Crucially, although the European nations had firepower superior to that of the scrappy mujahedeen, they deemed a rescue mission too dangerous.

The jihadists asked for weapons. Then for impossible-to-meet political demands, like the removal of the Algerian government. When a 45-year-old German woman died of dehydration, cornered European officials began considering a ransom concealed as an aid payment as the least-bad option.

"The Americans told us over and over not to pay a ransom. And we said to them, 'We don't want to pay. But we can't lose our people,'" said a European ambassador posted in Algeria at the time, who was one of six senior Western officials with direct knowledge of the 2003 kidnapping who confirmed details for this article. All spoke on the condition of anonymity because the information remains classified.

"It was a very difficult situation," he said, "but in the end we are talking about human life."


'Not Just Normal Criminals'

The exploits of the band of fighters in the Sahara did not go unnoticed.

A year later, in 2004, an al-Qaida operative, Abdelaziz al-Muqrin, published a how-to guide to kidnapping, in which he highlighted the successful ransom negotiation of "our brothers in Algeria." Yet at the same time, he also praised the execution of the Wall Street Journal reporter Daniel Pearl, who was grabbed in Pakistan in 2002 and beheaded nine days later by Khalid Sheikh Mohammed, a senior al-Qaida member believed to be one of the architects of the Sept. 11 attacks.

Within a few years, there was a split within al-Qaida, with the group's affiliate in Iraq grabbing foreigners specifically to kill them.

In Algeria, the kidnappers of the European tourists followed a different path.

They used the 5 million euros as the seed money for their movement, recruiting and training fighters who staged a series of devastating attacks.
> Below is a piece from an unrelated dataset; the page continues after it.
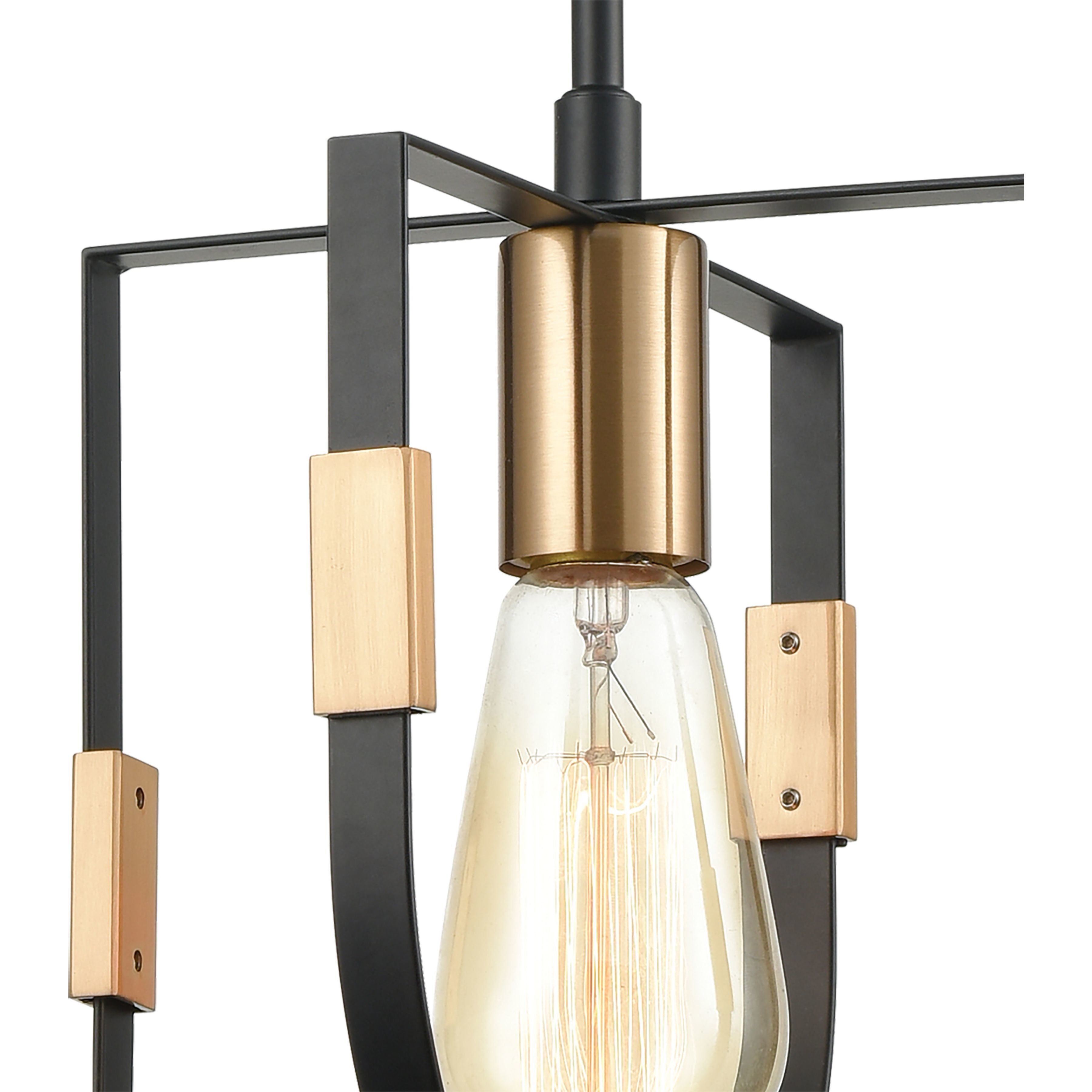 Heathrow 1 Light 8 inch Matte Black with Satin Brass Mini Pendant Ceiling Light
They grew into a regional force and were accepted as an official branch of the al-Qaida network, which baptized them al-Qaida in the Islamic Maghreb. As kidnapping revenue became their main lifeline, they honed and perfected the process.

By Feb. 2, 2011, when their lookouts in southern Algeria spotted a 53-year-old Italian tourist, Mariasandra Mariani, admiring the rolling dunes through a pair of binoculars, they were running a sleek operation.

Her tour guide was the first to spot them, and screamed at her to run. As their cars sped toward her, she sprinted to her nearby desert bungalow and locked herself inside. She could do nothing but sit frozen on the mattress as they broke down the door. They threw her in a waiting car, handcuffing her to the dashboard. Before they sped off, they made sure to place a rolled-up blanket next to her, so that the jihadist sitting next to her would not accidentally make contact with a woman.

"Who are you?" she asked them.

"We are al-Qaida," they replied.

If previous kidnapping missions did not seem to have a thought-out plan, the gunmen who seized Mariani drove for days on what appeared to be a clearly delineated route. Whenever they were low on fuel, they would make their way to a spot that to her looked no different in the otherwise identical lunar landscape.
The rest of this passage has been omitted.